Monday, March 16, 2009
What Was I Thinking!
For about 15 years I kept a journal. For me, that is a miracle A real one. I am not famous for my perseverance. It suddenly hit me that, ever since I started blogging, I have stopped journalling. That is so dumb. Because what I write about in my journals is way different from my posts It was the fire (see 2 previous posts) that suddenly reminded me about the journals. People talking about what they would really mourn losing in a fire: the irreplaceable things - like photos. And I thought: my journals! The value of those books to me is HUGE. I have, over the years, tried to document the braiding together of the ordinary rhythms of my life with the interventions and breathings of God in it.

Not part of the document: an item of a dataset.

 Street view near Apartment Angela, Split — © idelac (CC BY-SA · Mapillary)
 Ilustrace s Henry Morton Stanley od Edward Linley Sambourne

Those things can come into sharp focus when seen from a broader perspective Thats what these journals provide. I can now skim though years in an hour or so And see how prayers that seemed to have gone unheard, have actually been answered but in an unrecognized way. How sometimes the difficult times have themselves been the springboards into the answers to my deepest requests. How pouring out my heart on paper about difficult children sometimes just issued into a sublime window into the heart of God - Himself the Father, and I would see that I often did those very things to Him Family life became a teaching cameo The meshing of practical and divine gives the mundane incandescence and gives the divine, present reality. And that is recorded there And is utterly priceless to me. I don't want to let go of that - What was I thinking!?